Investigating fuzzy methods for multilingual speech recognition
speech recognition, speech-to-text, speaker recognition, signal processing, multilingual speech systems, Portuguese, English, Mandarin.
Speech is a crucial ability for humans to interact and communicate. Speech-based technologies are becoming more popular with speech interfaces, real-time translation, and budget healthcare diagnosis. Thus, this work aims to explore an important but under-investigated topic on the field: multilingual speech recognition. We employed three languages: English, Brazilian Portuguese, and Mandarin. To the best of our knowledge, those three languages were not compared yet.

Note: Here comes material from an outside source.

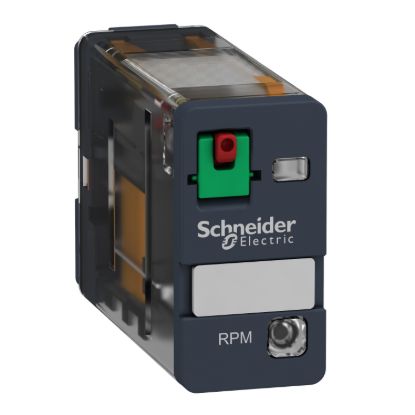 Picture of plug-in relay, Harmony electromechanical relays, 15A, 1CO, with LED, lockable test button, 120V AC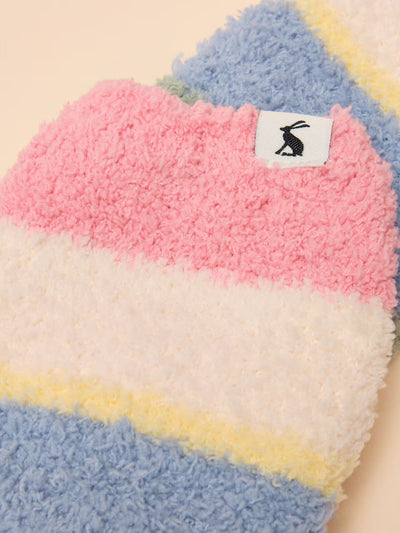 Joules Kids Fluffy Socks Pink Stripe Socks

The objectives are to explore Brazilian Portuguese in comparison with the other two more well-investigated languages, by verifying speaker recognition robustness in multilingual environments, and further investigate fuzzy methods for both speaker identification and text-to-speech translation. We have performed an analysis for speaker recognition using log-Energy, 13-MFCCs, Deltas, and Double Deltas with four classifiers. The closed-set text-independent speaker identification results indicated that this problem presents some robustness on multilingual environments, since adding a second language, it degrades the accuracy by 5.45%, and 5.32% for a three language dataset using an SVM classifier. Then, we have proposed a methodology to achieve a language-independent model using Bottleneck features, an Adaptive-Network-Based Fuzzy Inference System, along with a data-driven universal phoneme set.